■ EXTRACTED ENTRIES

'''

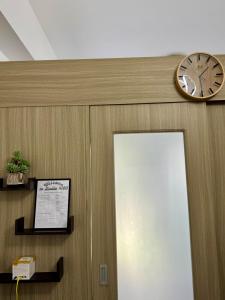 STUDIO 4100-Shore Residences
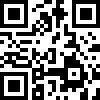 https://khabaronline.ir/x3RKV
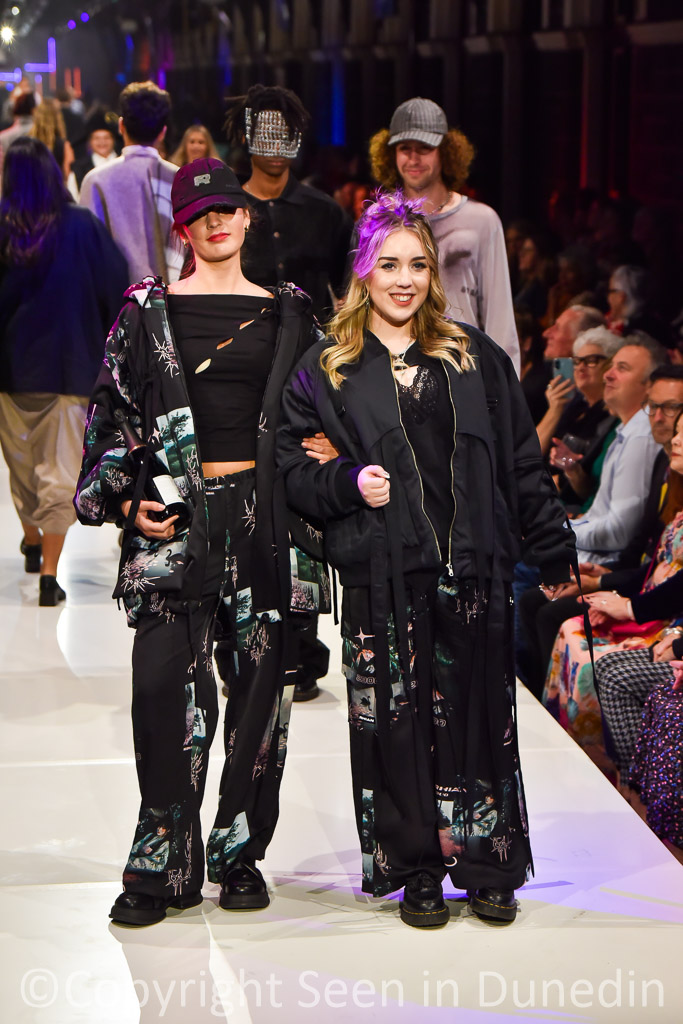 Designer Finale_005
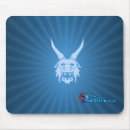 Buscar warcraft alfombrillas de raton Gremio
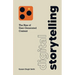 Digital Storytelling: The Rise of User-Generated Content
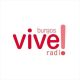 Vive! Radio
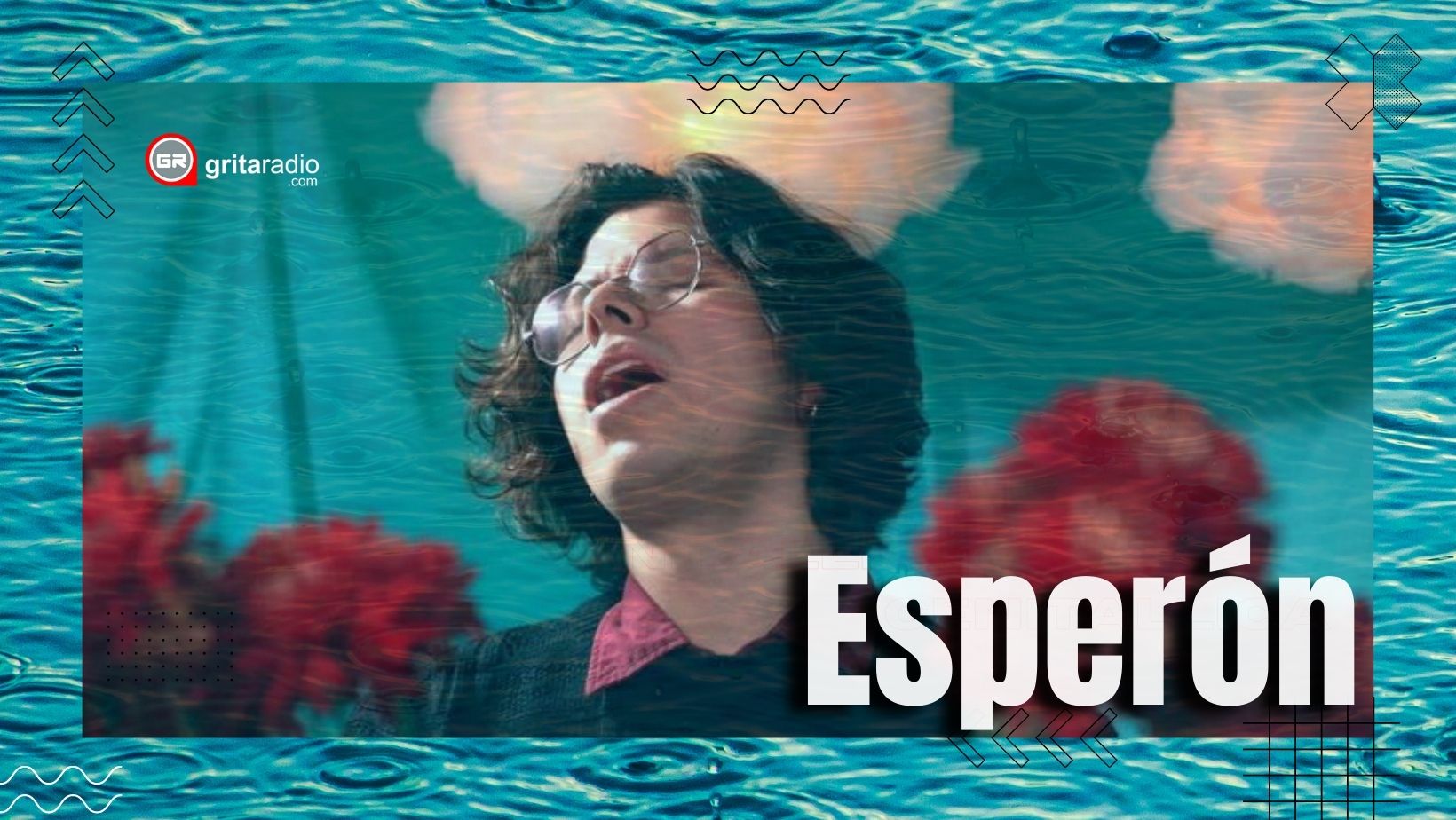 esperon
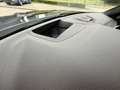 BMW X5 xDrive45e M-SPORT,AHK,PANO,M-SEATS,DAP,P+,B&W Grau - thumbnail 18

'''
'''

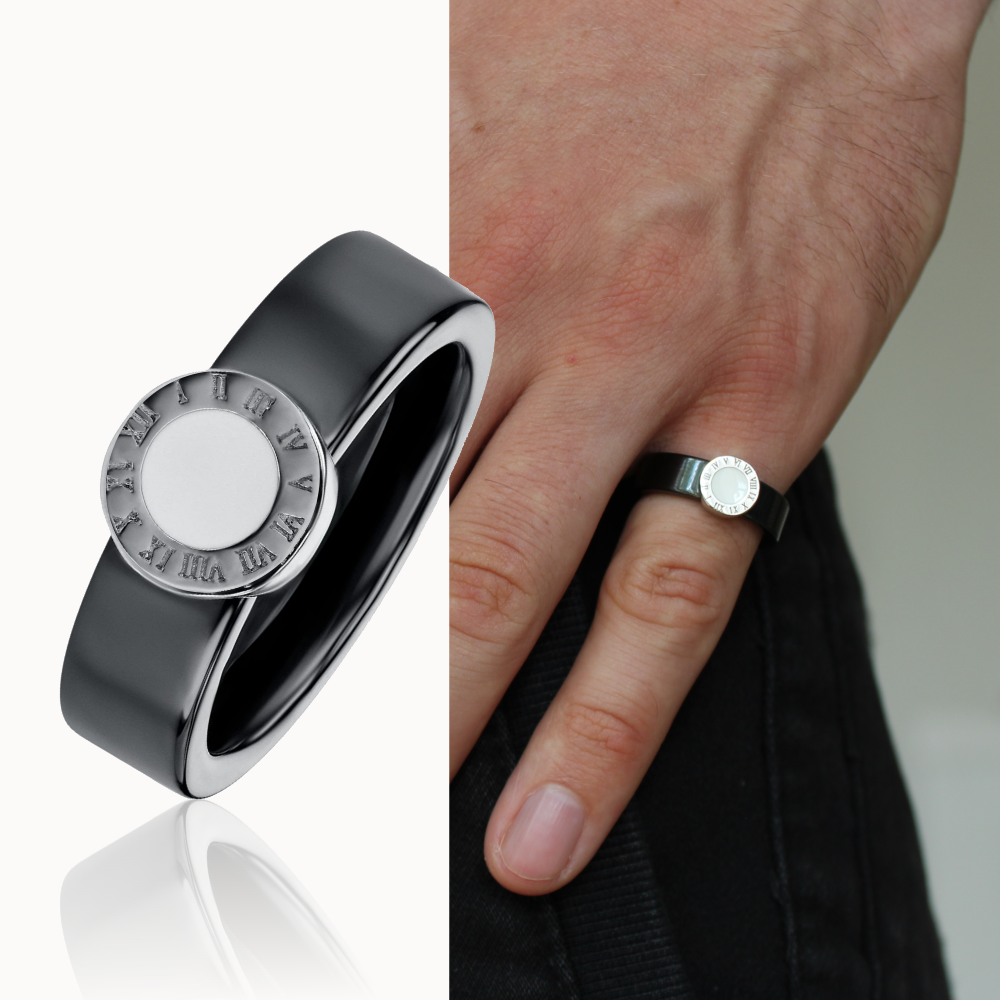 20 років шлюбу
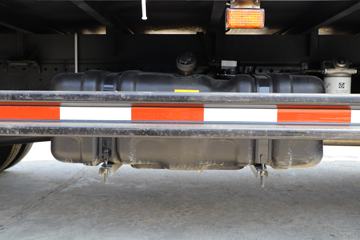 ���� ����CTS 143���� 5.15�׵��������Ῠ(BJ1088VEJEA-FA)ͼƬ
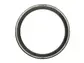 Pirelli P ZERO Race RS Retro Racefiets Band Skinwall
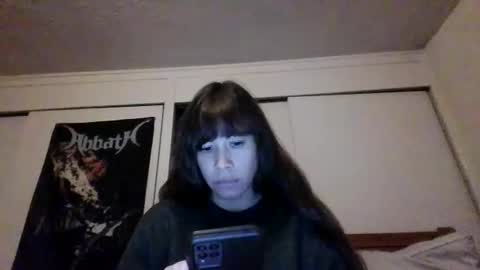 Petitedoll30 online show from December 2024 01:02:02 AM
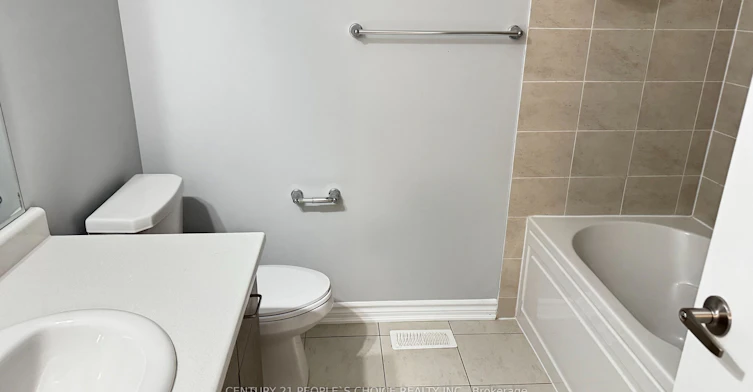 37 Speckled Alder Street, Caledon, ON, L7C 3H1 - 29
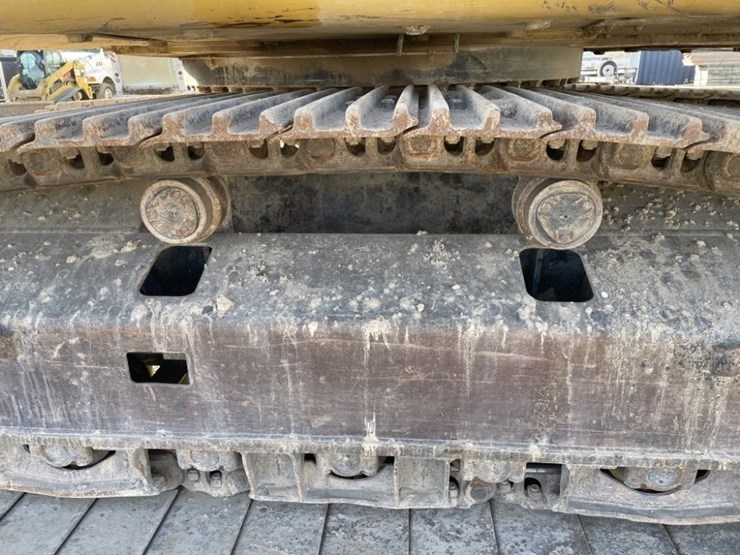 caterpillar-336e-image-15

'''

■ THE PROBLEM
The answer is the lines of the material above, from the one containing "Petitedoll30 online show" down to the one containing "caterpillar-336e-image-15", given exactly and without images.

■ ANSWER SECTION
 Petitedoll30 online show from December 2024 01:02:02 AM
 37 Speckled Alder Street, Caledon, ON, L7C 3H1 - 29
 caterpillar-336e-image-15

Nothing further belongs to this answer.